***** PROVIDED INFORMATION *****

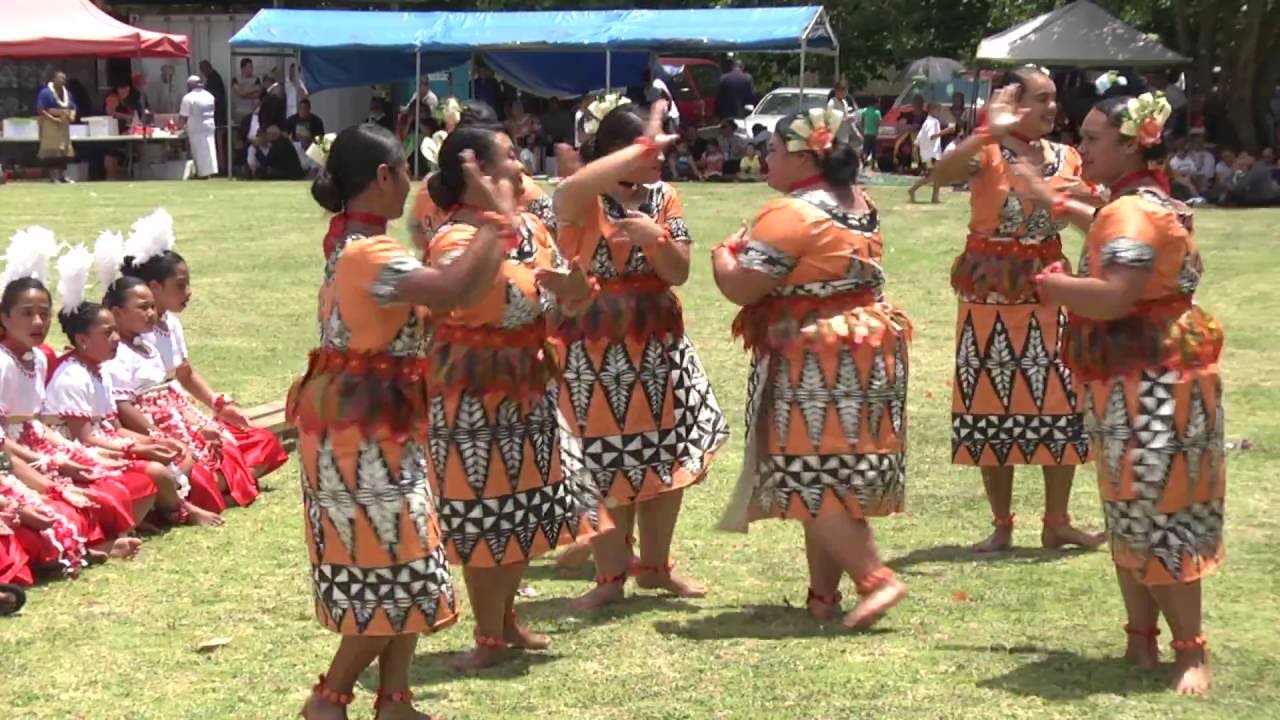 Tau'olunga (Tongan Dance) 'a Keleni 'Inesi. STT. 'Okalani. Nu'usila.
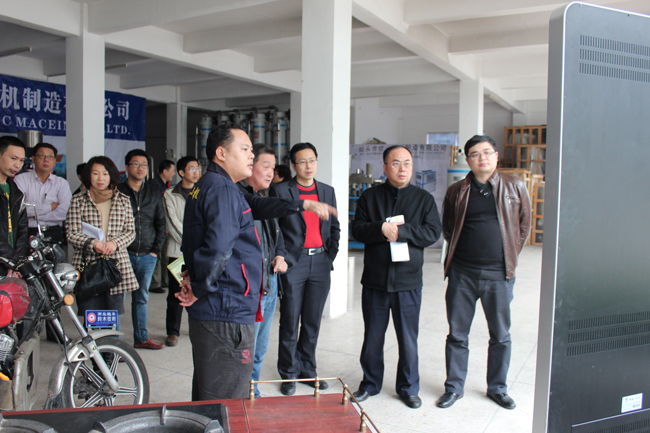 汕頭市知識產(chǎn)權(quán)局相關(guān)領(lǐng)導(dǎo)蒞臨我司參觀指導(dǎo)工作
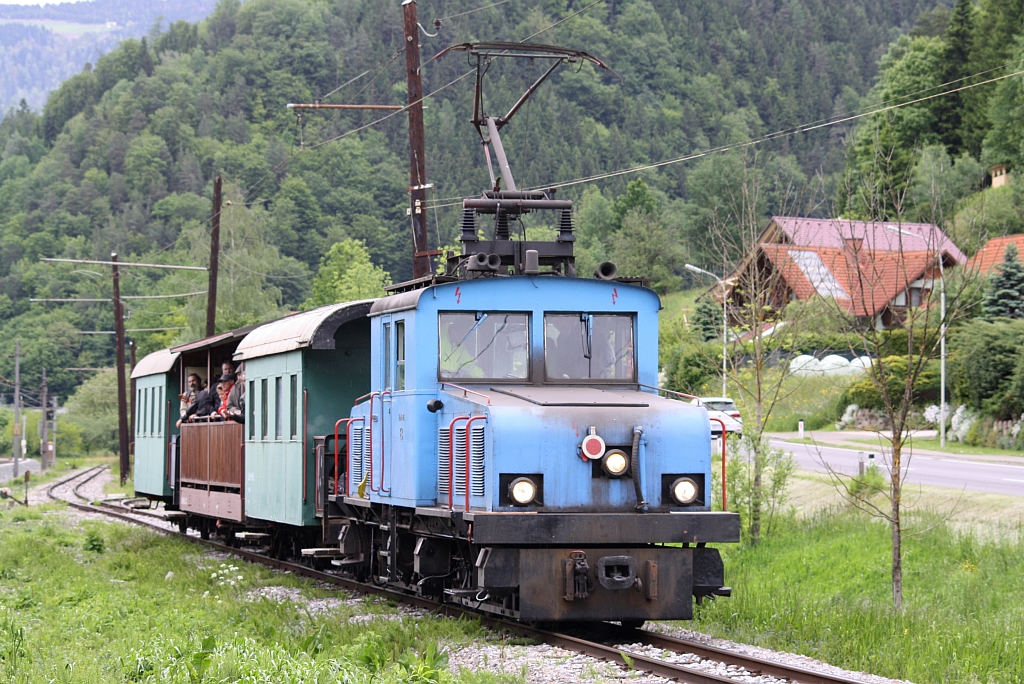 E3 mit dem ME4 am 17.Mai 2014 kurz vor Erreichen der Endstelle Mixnitz Lokalbahnhof.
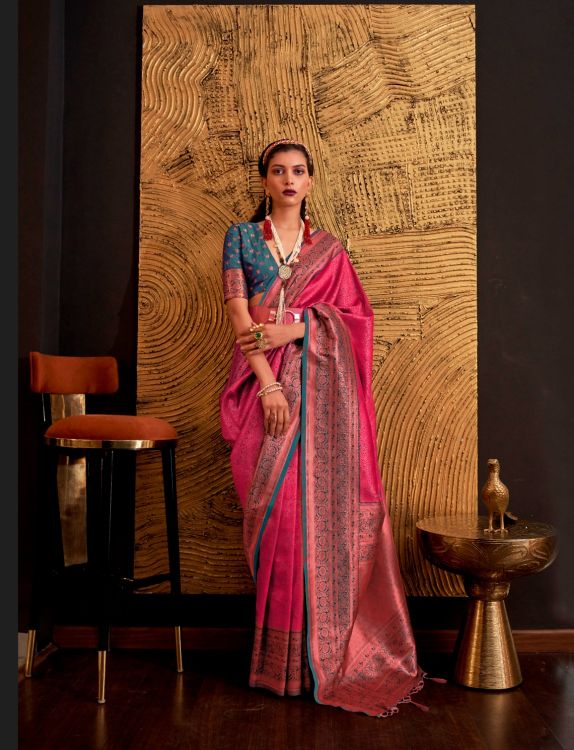 Picture of Sightly Weaving Silk Pink Saree
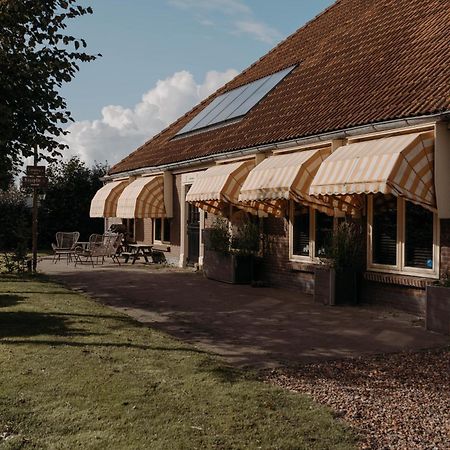Camping De Tulpenweide Lege Kampeerplaats, Lege Plaats Op Het Gras Zonder Bed Breezand Exterior photo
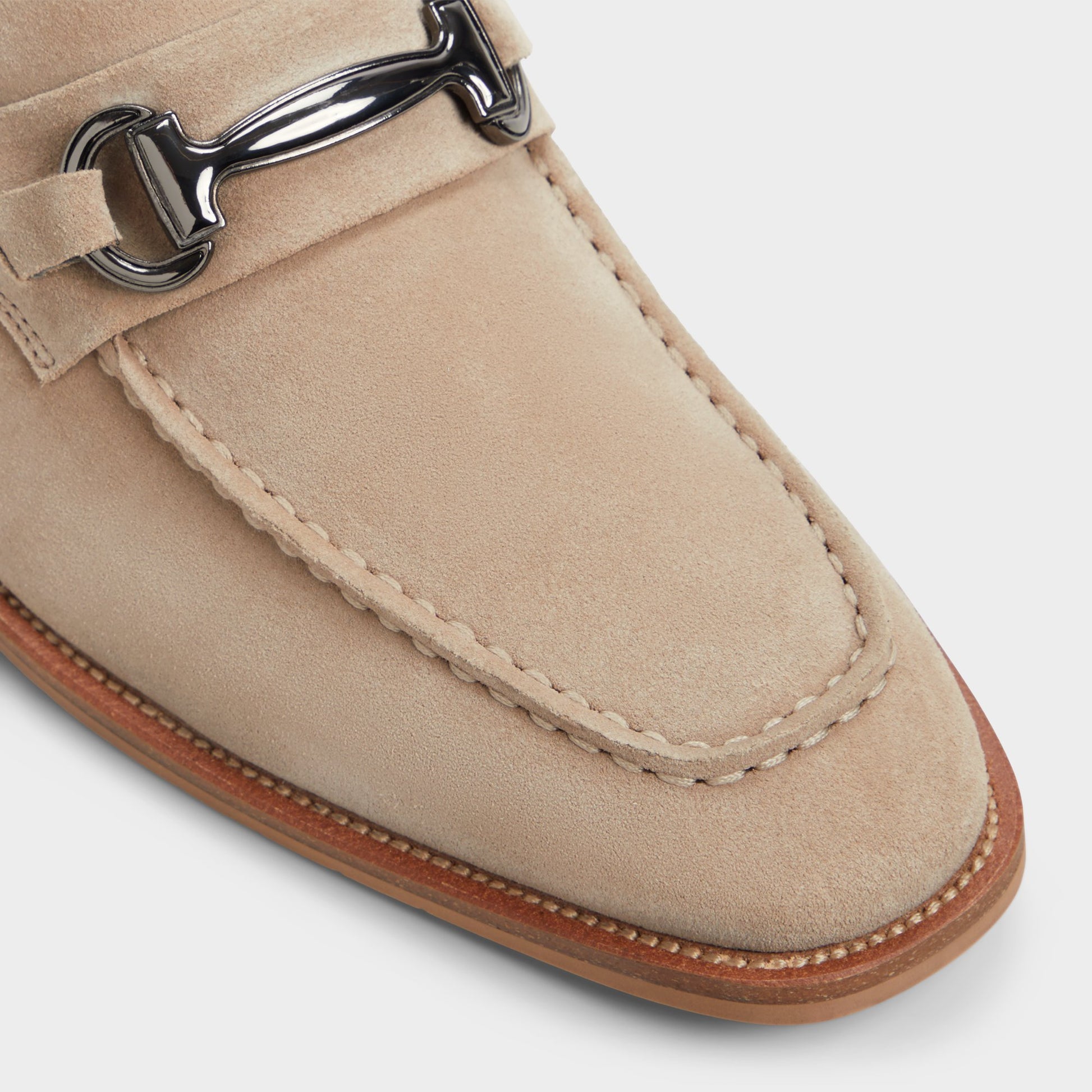 Close-up of the Taupe Thado Loafer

*****

** TASK ITEM **
For the records above, give every line again exactly and skip the pictures.

** RESPONSE AREA **
 Tau'olunga (Tongan Dance) 'a Keleni 'Inesi. STT. 'Okalani. Nu'usila.
 汕頭市知識產(chǎn)權(quán)局相關(guān)領(lǐng)導(dǎo)蒞臨我司參觀指導(dǎo)工作
 E3 mit dem ME4 am 17.Mai 2014 kurz vor Erreichen der Endstelle Mixnitz Lokalbahnhof.
 Picture of Sightly Weaving Silk Pink Saree
Camping De Tulpenweide Lege Kampeerplaats, Lege Plaats Op Het Gras Zonder Bed Breezand Exterior photo
 Close-up of the Taupe Thado Loafer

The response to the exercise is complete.